### BRIEF
Look through the entries below and show every line containing the word "Used".

### Dataset excerpts
------------------------------
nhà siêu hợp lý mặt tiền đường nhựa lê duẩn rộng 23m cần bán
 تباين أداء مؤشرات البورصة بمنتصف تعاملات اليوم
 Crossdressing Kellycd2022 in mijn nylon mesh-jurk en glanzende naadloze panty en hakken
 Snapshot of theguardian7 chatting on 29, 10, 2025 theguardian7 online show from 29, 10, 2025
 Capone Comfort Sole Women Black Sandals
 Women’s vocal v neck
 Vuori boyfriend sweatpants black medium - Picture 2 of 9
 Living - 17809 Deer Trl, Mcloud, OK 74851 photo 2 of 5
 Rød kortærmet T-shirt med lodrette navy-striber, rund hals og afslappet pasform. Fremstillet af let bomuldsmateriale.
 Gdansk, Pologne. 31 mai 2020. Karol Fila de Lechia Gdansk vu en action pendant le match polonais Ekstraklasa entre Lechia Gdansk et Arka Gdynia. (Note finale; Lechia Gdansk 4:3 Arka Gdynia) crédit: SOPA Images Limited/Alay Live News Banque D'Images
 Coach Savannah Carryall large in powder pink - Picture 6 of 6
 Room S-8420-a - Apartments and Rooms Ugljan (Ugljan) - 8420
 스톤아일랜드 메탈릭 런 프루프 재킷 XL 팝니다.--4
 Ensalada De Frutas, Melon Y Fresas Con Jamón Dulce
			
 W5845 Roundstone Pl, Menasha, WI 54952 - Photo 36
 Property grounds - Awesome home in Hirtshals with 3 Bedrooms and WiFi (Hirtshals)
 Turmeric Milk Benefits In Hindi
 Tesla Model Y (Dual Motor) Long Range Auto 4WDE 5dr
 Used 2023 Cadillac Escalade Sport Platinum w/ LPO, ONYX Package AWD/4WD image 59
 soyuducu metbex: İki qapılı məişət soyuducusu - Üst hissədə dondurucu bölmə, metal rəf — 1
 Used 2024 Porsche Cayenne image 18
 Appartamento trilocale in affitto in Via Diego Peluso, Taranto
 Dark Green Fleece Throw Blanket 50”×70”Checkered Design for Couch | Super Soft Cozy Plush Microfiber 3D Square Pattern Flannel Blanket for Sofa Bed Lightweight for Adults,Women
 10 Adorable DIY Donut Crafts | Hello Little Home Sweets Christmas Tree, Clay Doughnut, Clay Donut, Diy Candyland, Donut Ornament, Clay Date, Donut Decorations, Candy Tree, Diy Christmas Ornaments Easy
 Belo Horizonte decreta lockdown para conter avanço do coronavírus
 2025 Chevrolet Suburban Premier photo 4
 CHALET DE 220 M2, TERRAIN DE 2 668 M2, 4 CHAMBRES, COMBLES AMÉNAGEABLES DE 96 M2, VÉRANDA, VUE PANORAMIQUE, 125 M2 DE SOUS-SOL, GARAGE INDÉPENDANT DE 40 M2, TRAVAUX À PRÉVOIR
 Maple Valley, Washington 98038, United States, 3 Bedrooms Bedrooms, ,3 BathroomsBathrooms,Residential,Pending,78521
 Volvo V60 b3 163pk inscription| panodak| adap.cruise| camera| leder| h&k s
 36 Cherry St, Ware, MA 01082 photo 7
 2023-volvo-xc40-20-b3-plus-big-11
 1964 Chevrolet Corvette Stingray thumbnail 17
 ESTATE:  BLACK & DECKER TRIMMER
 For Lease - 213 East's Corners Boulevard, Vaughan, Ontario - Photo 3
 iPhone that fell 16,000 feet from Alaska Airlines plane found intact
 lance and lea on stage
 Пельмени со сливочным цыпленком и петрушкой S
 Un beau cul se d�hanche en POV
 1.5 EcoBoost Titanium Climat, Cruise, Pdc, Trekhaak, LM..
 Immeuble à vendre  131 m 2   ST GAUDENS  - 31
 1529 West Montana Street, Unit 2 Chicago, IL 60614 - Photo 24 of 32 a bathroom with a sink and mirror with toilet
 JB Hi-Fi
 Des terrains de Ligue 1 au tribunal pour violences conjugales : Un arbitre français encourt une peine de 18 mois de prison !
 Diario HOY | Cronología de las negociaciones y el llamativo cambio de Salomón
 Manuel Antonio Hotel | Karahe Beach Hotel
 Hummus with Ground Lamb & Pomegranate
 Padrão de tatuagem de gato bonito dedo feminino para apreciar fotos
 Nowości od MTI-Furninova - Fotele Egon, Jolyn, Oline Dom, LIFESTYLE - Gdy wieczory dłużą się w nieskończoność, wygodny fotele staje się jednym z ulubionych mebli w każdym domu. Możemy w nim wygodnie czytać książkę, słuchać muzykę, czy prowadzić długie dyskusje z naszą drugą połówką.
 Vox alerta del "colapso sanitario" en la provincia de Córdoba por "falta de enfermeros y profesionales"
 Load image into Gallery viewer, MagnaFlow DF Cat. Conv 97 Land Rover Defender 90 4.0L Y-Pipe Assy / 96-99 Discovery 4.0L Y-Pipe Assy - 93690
------------------------------
### TASK RESPONSE
 Used 2023 Cadillac Escalade Sport Platinum w/ LPO, ONYX Package AWD/4WD image 59
 Used 2024 Porsche Cayenne image 18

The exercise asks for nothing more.